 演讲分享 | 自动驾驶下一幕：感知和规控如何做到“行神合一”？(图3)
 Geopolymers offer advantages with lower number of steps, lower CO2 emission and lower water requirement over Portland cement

::::::::::

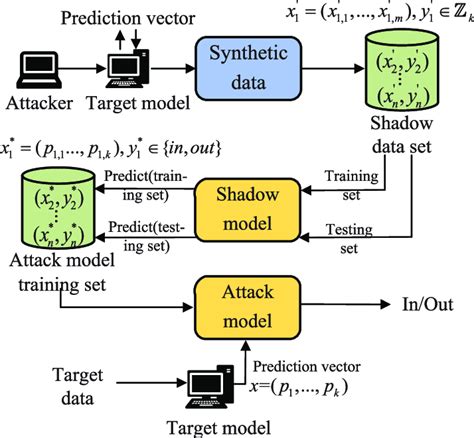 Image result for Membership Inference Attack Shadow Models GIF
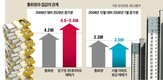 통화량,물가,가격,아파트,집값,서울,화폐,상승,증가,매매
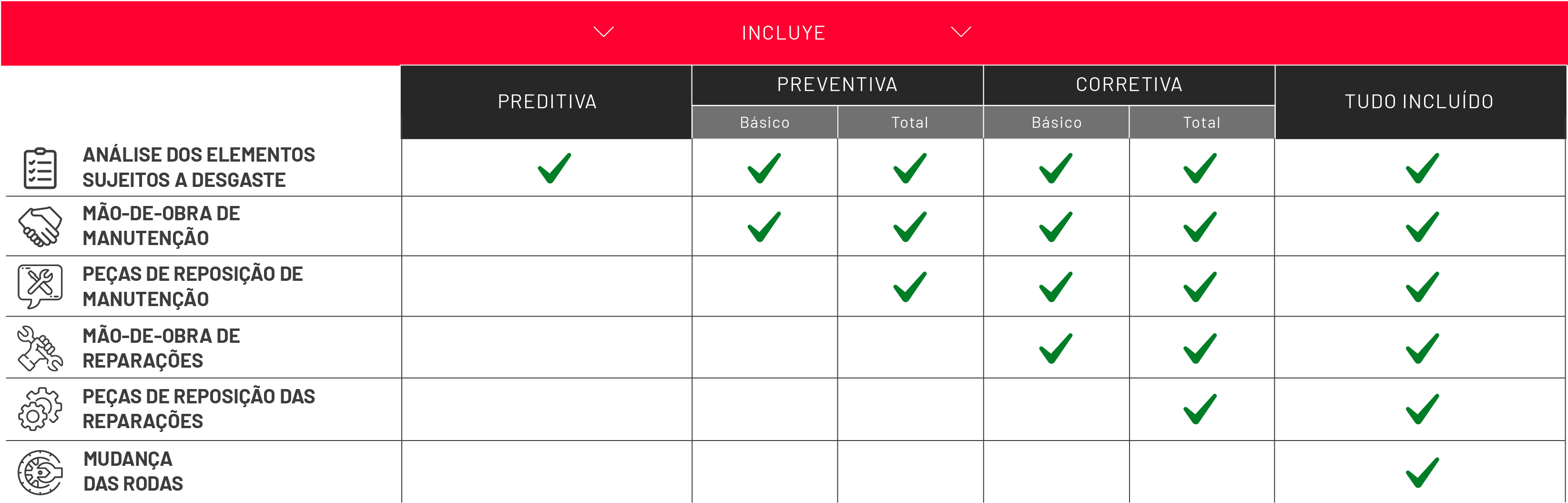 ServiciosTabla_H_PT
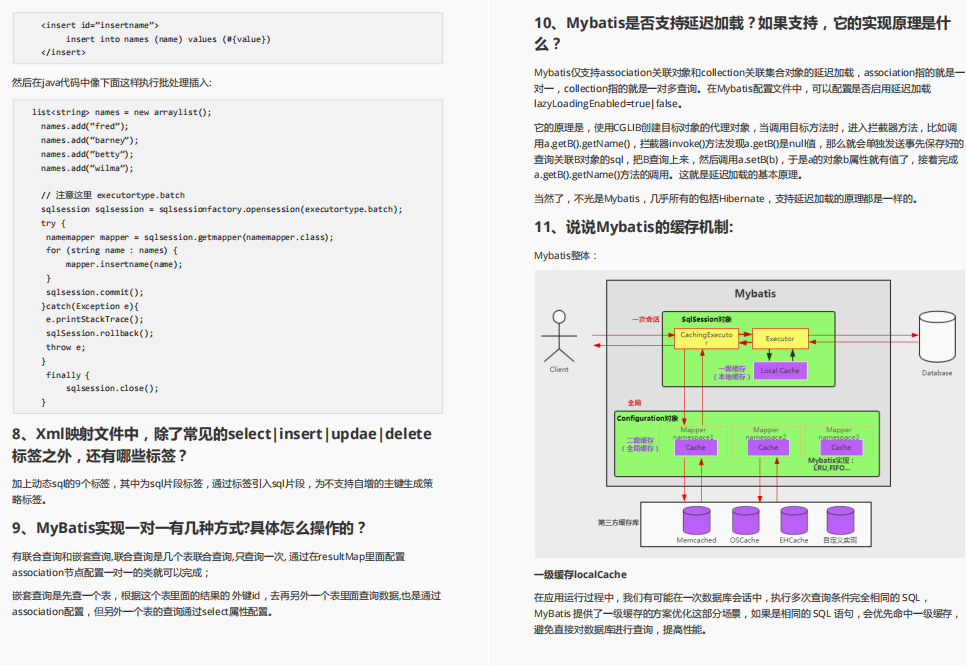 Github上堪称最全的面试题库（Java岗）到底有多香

::::::::::

» **EXERCISE DIRECTIONS**
Pictures do not belong in the answer. Return the lines above starting at the one with "Image result for" and ending at the one with "Github上堪称最全的面试题库（Java岗）到底有多香", both kept, exactly.

» **SOLUTION BELOW**
 Image result for Membership Inference Attack Shadow Models GIF
 통화량,물가,가격,아파트,집값,서울,화폐,상승,증가,매매
 ServiciosTabla_H_PT
 Github上堪称最全的面试题库（Java岗）到底有多香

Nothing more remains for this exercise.